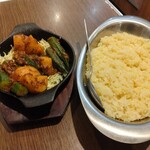 インド定食 ターリー屋 - 料理写真:
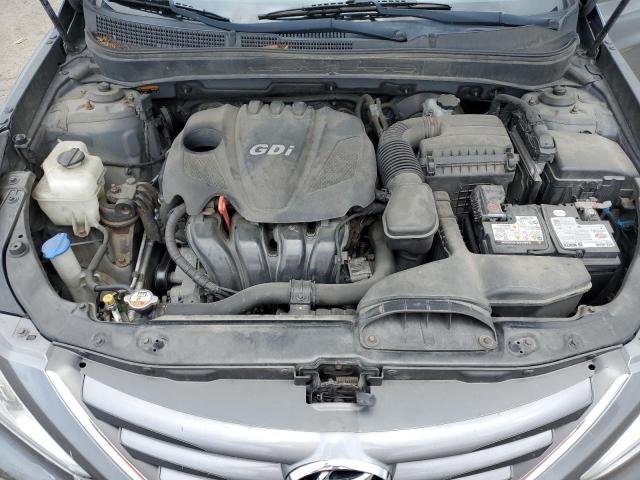 Photo 10 VIN: 5NPEB4AC6EH839323 - HYUNDAI SONATA 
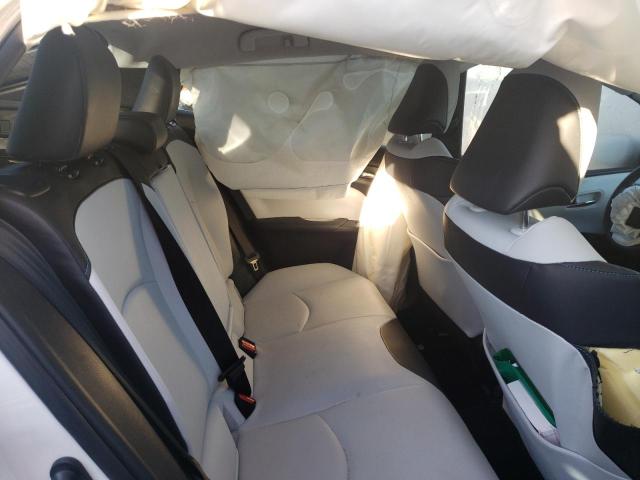 Photo 10 from auction – 2018 TOYOTA PRIUS with VIN JTDKARFU7J3059356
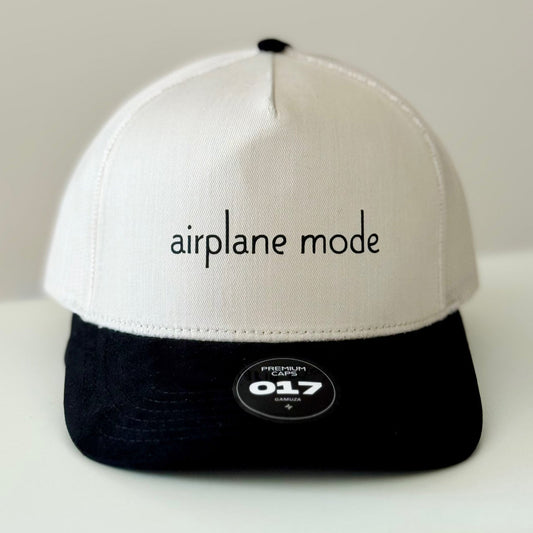 The Airplane Mode Cap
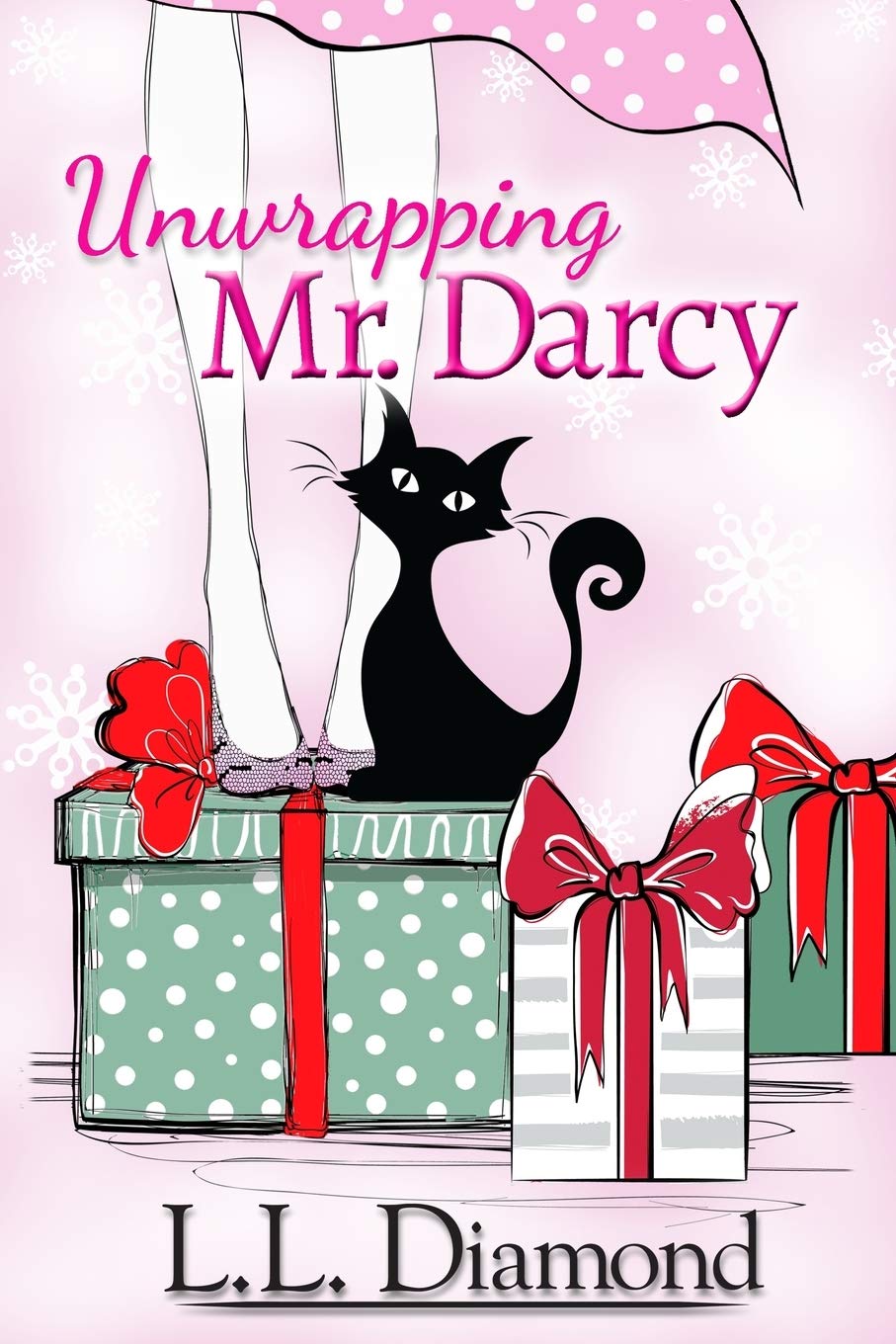 Unwrapping Mr. Darcy Contemporary literature Books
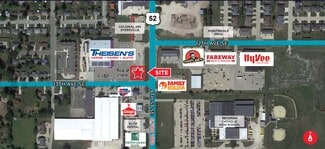 Dyersville, IA Commercial Land - 9th St @ 13th Ave Dyersville, IA Commercial Land - 9th St @ 13th Ave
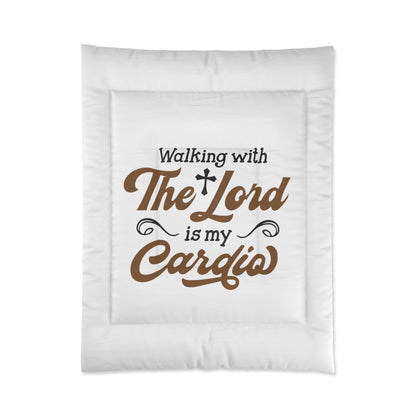 Walking With The Lord Comforter
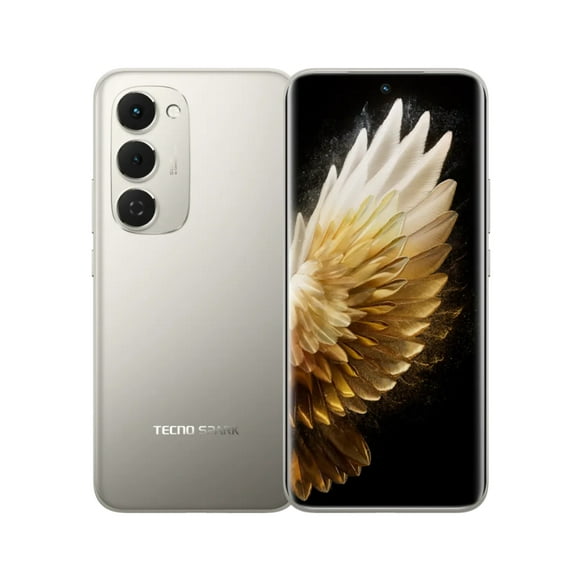TECNO SPARK 40 PRO PLUS (8+8) GB 256 GB 4G COLOR GRIS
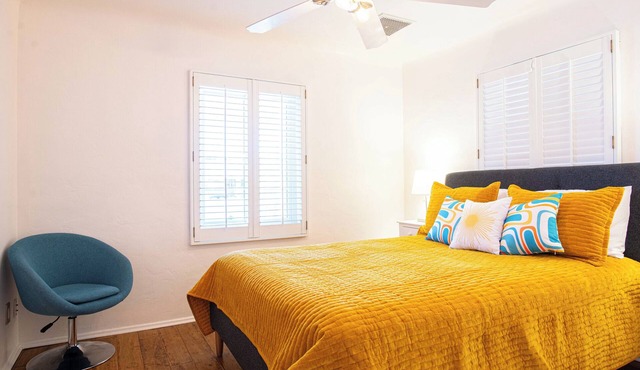 A perfect 1940s ranch house 5 minutes from downtown Phoenix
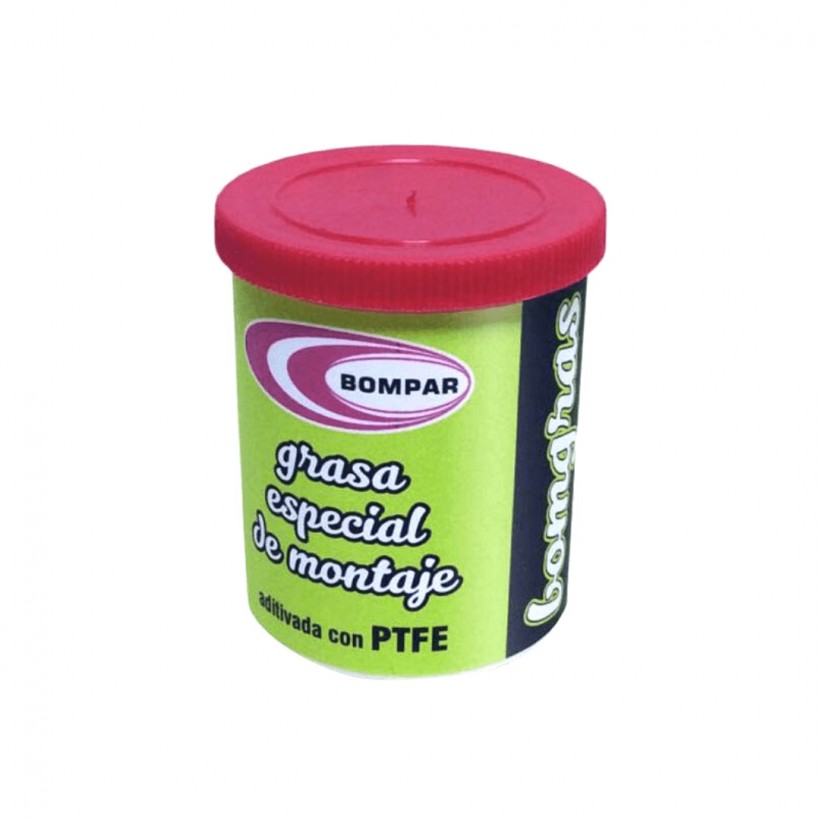 Graisse de montage rouge Bompar 70gr au Téflon.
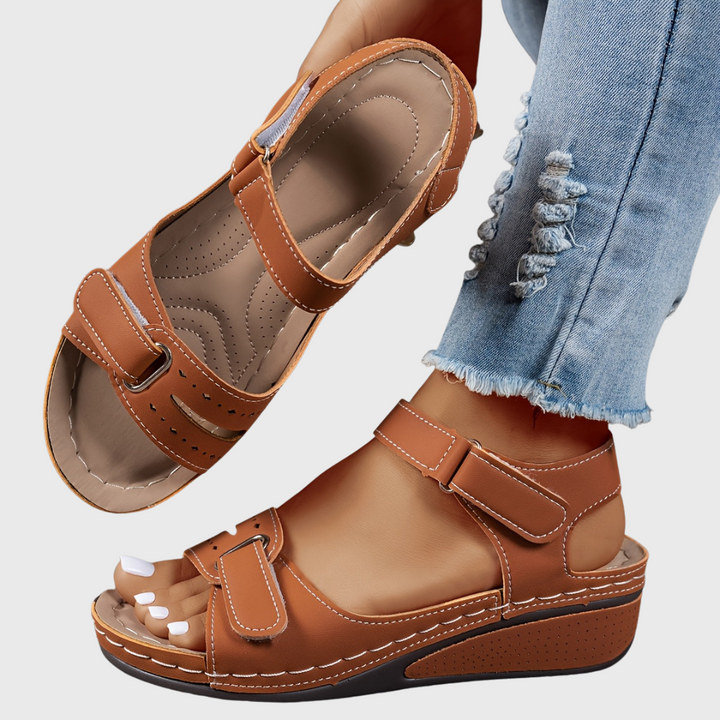 Célima | Trendy Orthopædisk Sandal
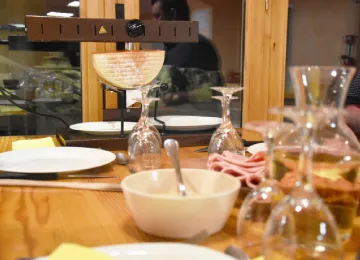 restaurant cévéo val d'isère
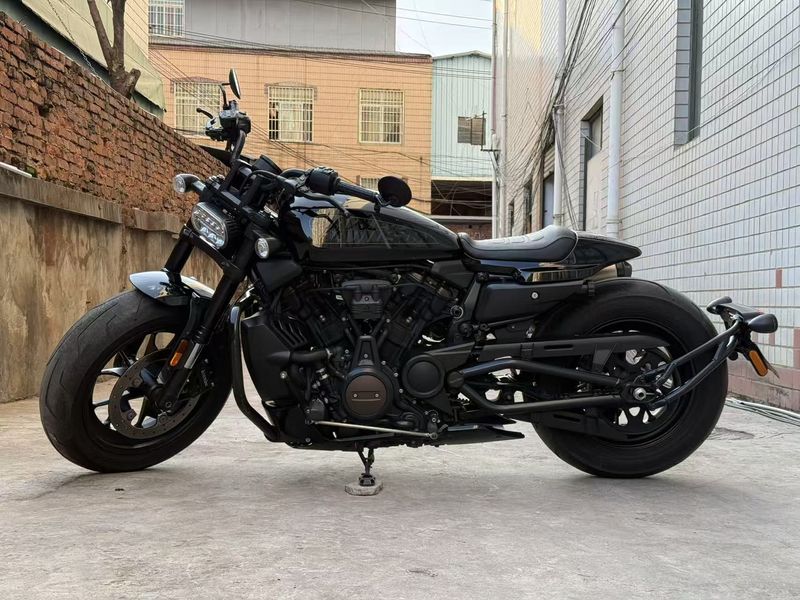 二手哈雷戴维森Sportster S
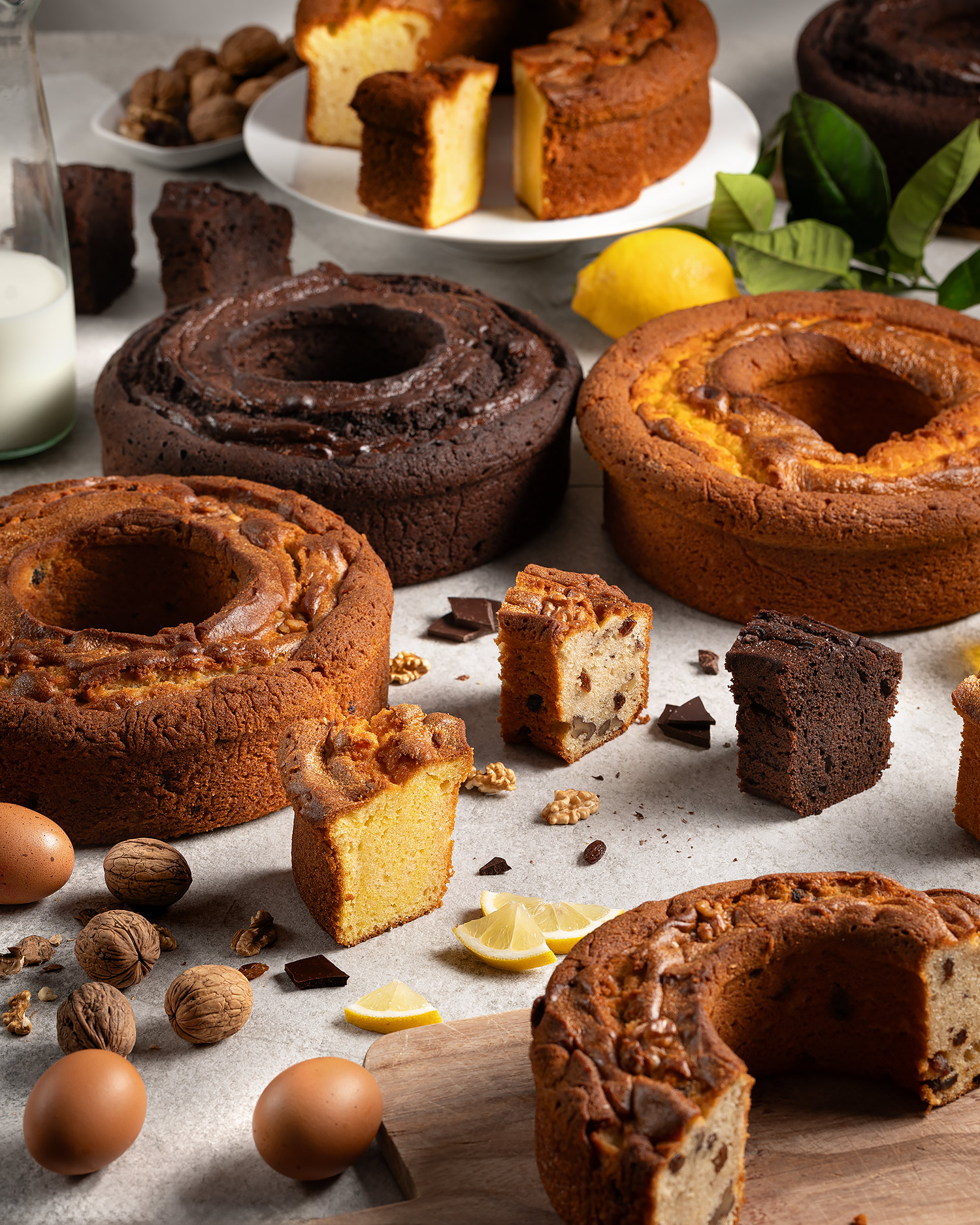 Fotografía de alimentos y gastronomía para restaurantes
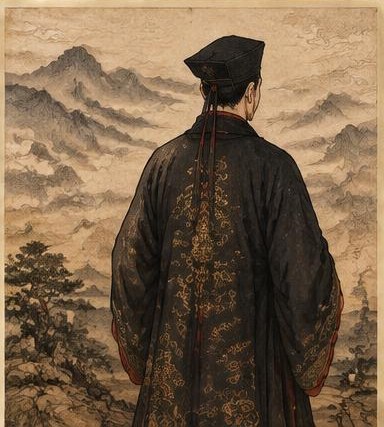 Minh hoạ 1: Đàn tràng tu luyện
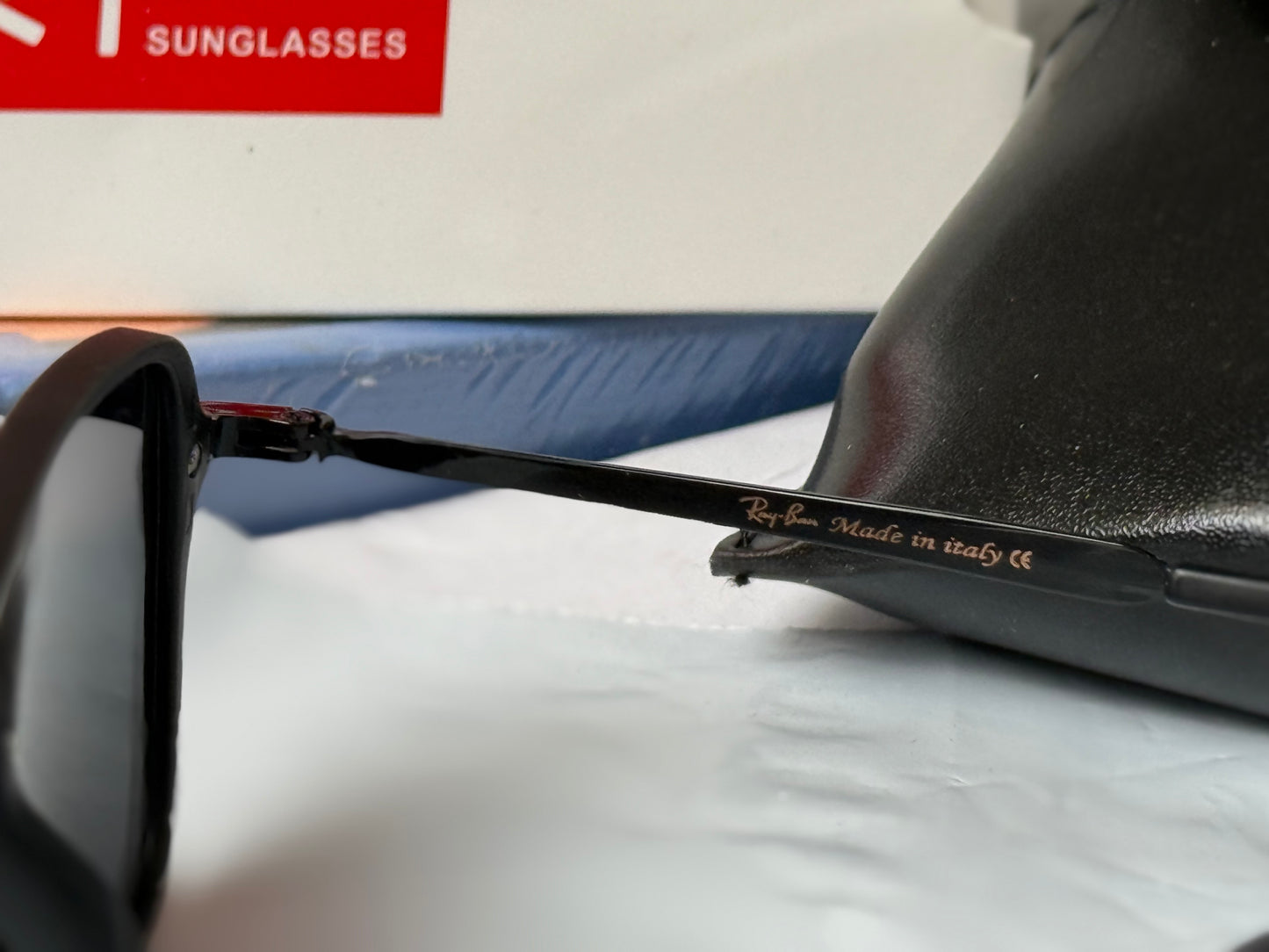 Imported Sunglasses RB Polorized
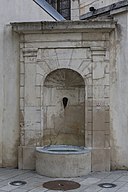 Toul - Fountain Place du Marché aux Poissons 20131007.JPG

+ + +

TASK DIRECTIONS:
Can you retype every record above exactly, leaving out the pictures?

YOUR RESPONSE:
 インド定食 ターリー屋 - 料理写真:
 Photo 10 VIN: 5NPEB4AC6EH839323 - HYUNDAI SONATA 
 Photo 10 from auction – 2018 TOYOTA PRIUS with VIN JTDKARFU7J3059356
 The Airplane Mode Cap
 Unwrapping Mr. Darcy Contemporary literature Books
 Dyersville, IA Commercial Land - 9th St @ 13th Ave Dyersville, IA Commercial Land - 9th St @ 13th Ave
 Walking With The Lord Comforter
TECNO SPARK 40 PRO PLUS (8+8) GB 256 GB 4G COLOR GRIS
 A perfect 1940s ranch house 5 minutes from downtown Phoenix
 Graisse de montage rouge Bompar 70gr au Téflon.
 Célima | Trendy Orthopædisk Sandal
 restaurant cévéo val d'isère
 二手哈雷戴维森Sportster S
 Fotografía de alimentos y gastronomía para restaurantes
 Minh hoạ 1: Đàn tràng tu luyện
 Imported Sunglasses RB Polorized
 Toul - Fountain Place du Marché aux Poissons 20131007.JPG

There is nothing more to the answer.